The doctrine of present execution requires that the immunity defense be collateral to the rest of the controversy. Maxwell v. AIG Domestic Claims, Inc., 460 Mass. 91 , 106 n.12 (2011), citing Elles v. Zoning Bd. of Appeals of Quincy, 450 Mass. 671 , 673-674 (2008). The director defendants assert such an immunity. The act " 'requires that participating employees waive their right to sue in tort for work-related injuries [in order to obtain compensation under the act].' . . . In other words, the employer 'obtains an immunity from actions at law by his employees.' " Saab, supra at 567, quoting Murphy v. Commissioner of the Dep't of Indus. Accs., 415 Mass. 218 , 222 (1993), and L.Y. Nason, C.W. Koziol, & R.A. Wall, Workers' Compensation § 26.1, at 313 (3d ed. 2003).
"[T]he denial of a motion to dismiss on immunity grounds is always collateral to the rights asserted in the underlying action because it 'is conceptually distinct from the merits of the plaintiff's claim that his rights have been violated.' " Kent v. Commonwealth, supra at 317, quoting Mitchell v. Forsyth, 472 U.S. 511, 527-529 (1985). Therefore, regardless whether the director defendants are correct in their assertion that they are
employers immune from liability under the exclusive remedy provision, interlocutory appeal under the doctrine of present execution is permissible to challenge the denial of that contention. We turn to the director defendants' substantive claims.
c. Whether the director defendants are "employers" for purposes of the act. Given the act's exclusive remedy provision, whether the plaintiff's claims for wrongful death, and punitive damages due to gross negligence and willful, wanton, reckless, and malicious conduct, survive the director defendants' motion to dismiss turns on whether the director defendants were Moulton's "employer." See Green v. Wyman-Gordon Co., 422 Mass. 551 , 558 (1996), quoting Foley v. Polaroid Corp., 381 Mass. 545 , 548-549 (1980) ("Common law actions are barred by the exclusivity provision of the workers' compensation act where: 'the plaintiff is shown to be an employee; his condition is shown to be a "personal injury" within the meaning of the [workers'] compensation act; and the injury is shown to have arisen "out of and in the course of . . . employment" ' "). Whether directors of a charitable corporation are "employers" for purposes of the act is a matter of first impression for this court. [Note 13]

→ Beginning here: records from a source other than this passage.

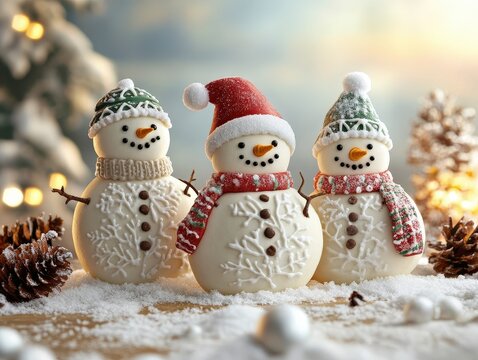 Festive Trio of Charming Snowman Cookies, Creatively Icing-Adorned, Winter Wonderland Scene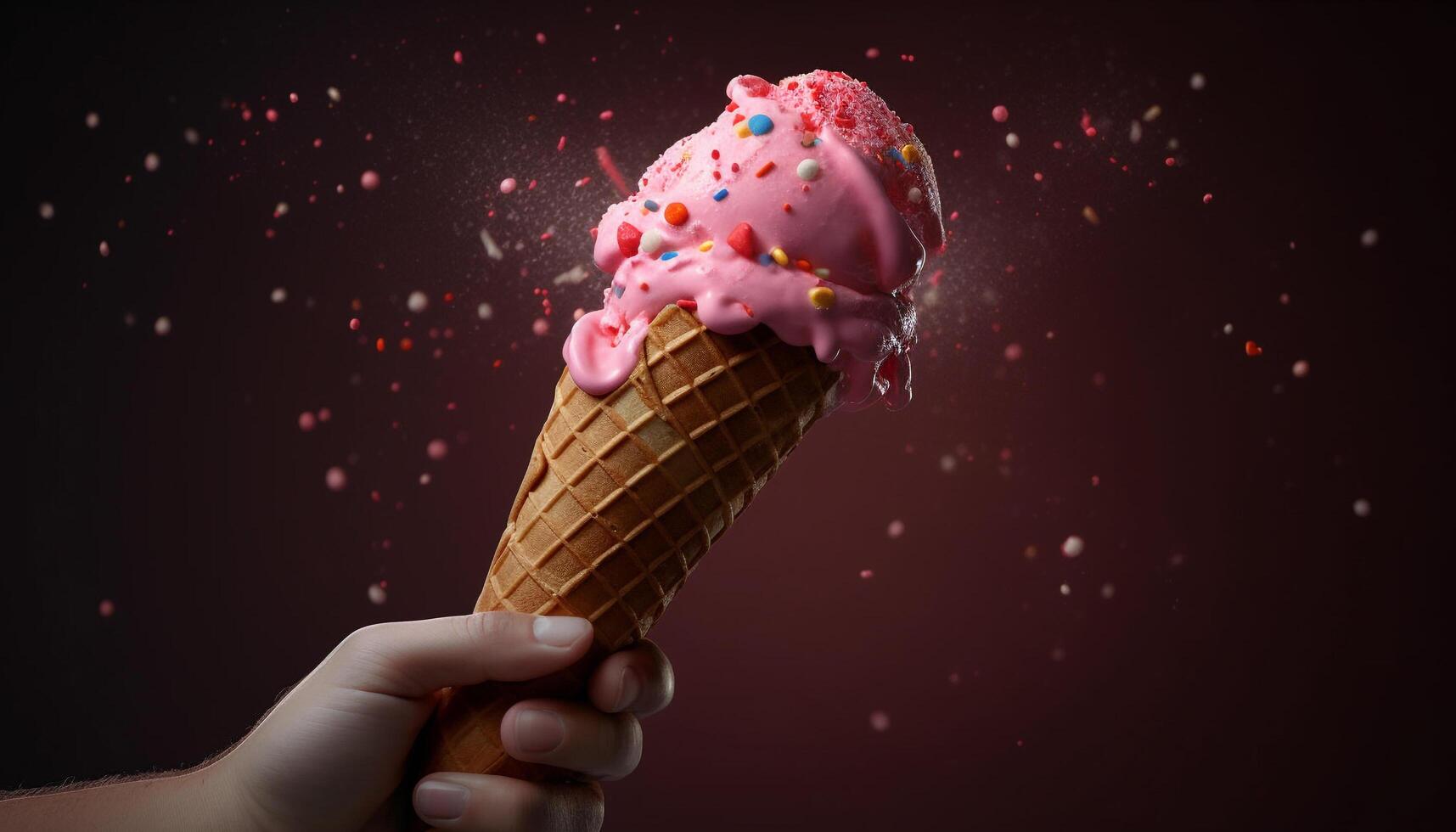 Hand holding ice cream cone, enjoying sweet summer dessert generated by AI photo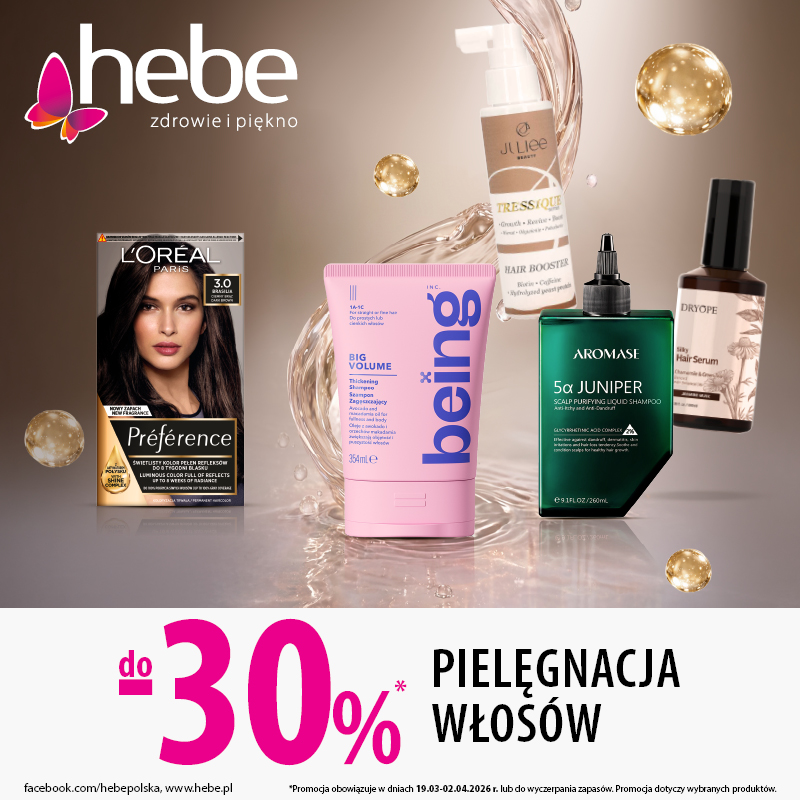 PIELĘGNACJA WŁOSÓW DO -30% w HEBE!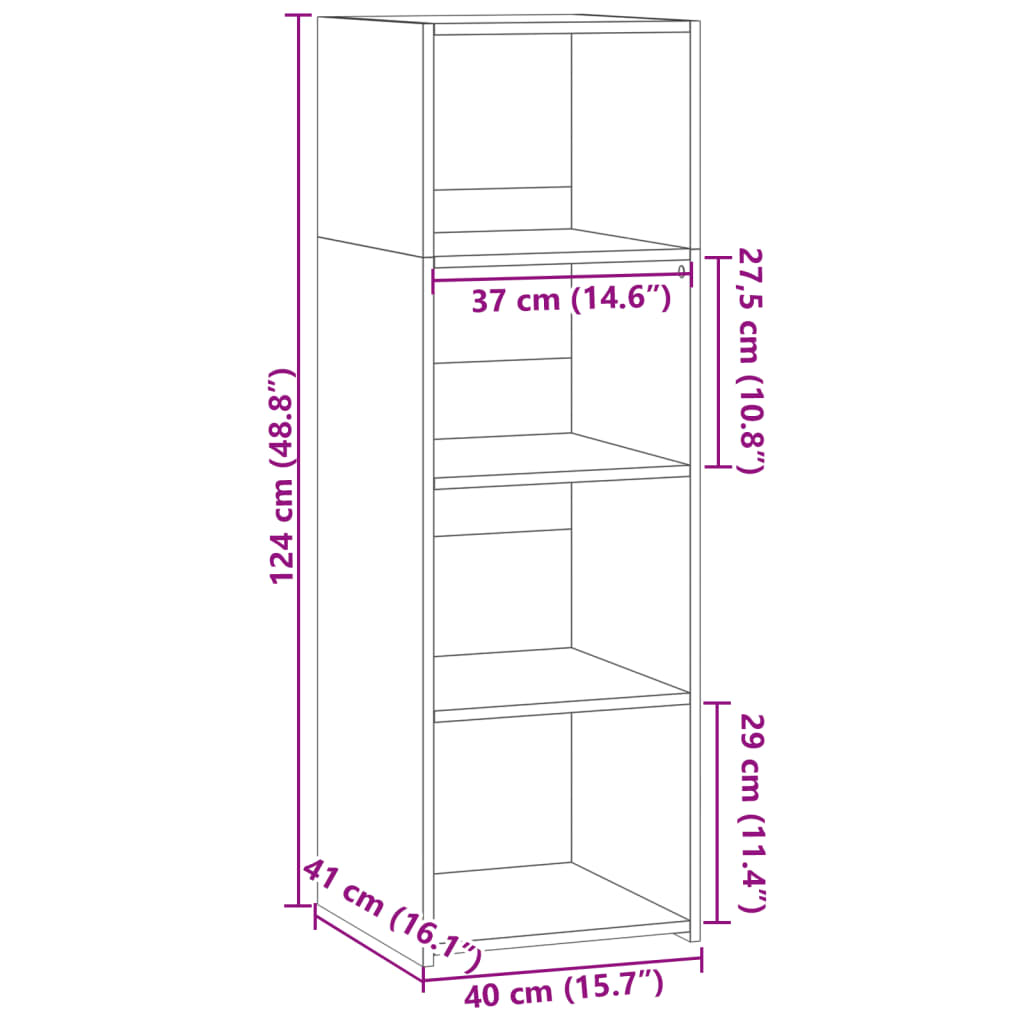 Credenza Rovere Fumo 40x41x124cm in Legno Multistrato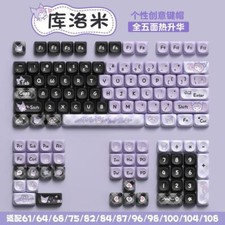 Cartoon Kuromi PBT Dye-sub MOA Keycaps For Mechanical Keyboard 112/120 Keys  picture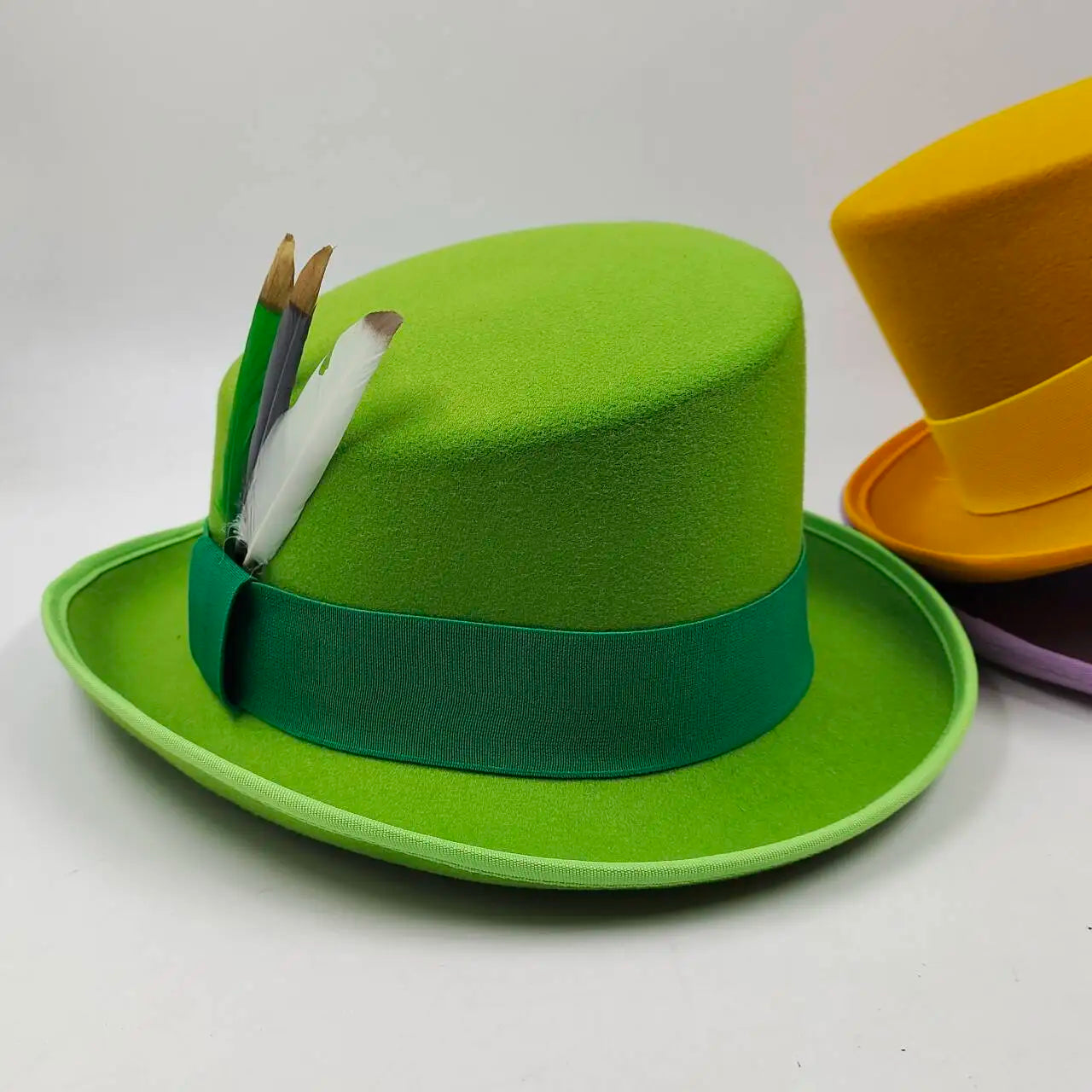 Unisex British High Feather Detail Derby Bowler Fedora Hat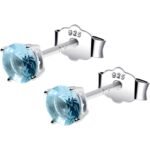 March Birthstone Stud Earrings 4mm CZ 925 Sterling Silver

Under the act, "employers" may be individuals, corporations, or some combination of those in a joint enterprise. The act defines an "[e]mployer" as:
"an individual, partnership, association, corporation or other legal entity, or any two or more of the foregoing engaged in a joint enterprise, and including the legal representatives of a deceased employer, or the receiver or trustee of an individual, partnership, association, corporation or other legal entity, employing employees subject to this chapter. . . . The word 'employer' shall include both the general employer and special employer in any case where both relationships exist with respect to an employee. The word 'employer' shall not include nonprofit entities, as defined by the Internal Revenue Code, that are exclusively staffed by volunteers.
"A corporation and its subsidiary corporations shall be
considered as one entity for the purposes of a self-insurance license; provided, however, that such corporation has signed as guarantor to insure payment of claims by its subsidiary corporations."
G. L. c. 152, § 1 (5). Since the definition of employer states explicitly that nonprofit entities exclusively staffed by volunteers [Note 14] are not included in its provisions, the Legislature clearly considered, and intended to include, other nonprofit organizations and entities within the purview of "employers" under the act.
The complaint in essence asserts that the director defendants have individual and personal liability for the plaintiff's injuries, sustained while the plaintiff was acting within the course of her employment, because they voted to adopt and enforce certain workplace policies and client admissions polices, and failed or declined to adopt and enforce other safety policies and staffing and training requirements. Adoption of corporate policies is achieved by a vote of the board of directors as a whole, acting as the corporation. See Harhen v. Brown, 431 Mass. 838 , 844-845 (2000); G. L. c. 156B, § 47 ("Except as reserved to the stockholders . . . , the business of every corporation shall be managed by a board of directors"), and cannot be accomplished in the ordinary course by any individual director. See Demoulas v. Demoulas Super Mkts., Inc., 424 Mass. 501 , 562-563 (1997); Winchell v. Plywood Corp., 324 Mass. 171 , 175-177 (1949); Restatement (Second) of Agency § 14C comment b (1958) ("An individual director . . . has no power of his own to act on the corporation's behalf, but only as one of the body of directors acting as a board"). Cf. Boston Athletic Ass'n v. International Marathons, Inc., 392 Mass. 356 , 364-365 (1984).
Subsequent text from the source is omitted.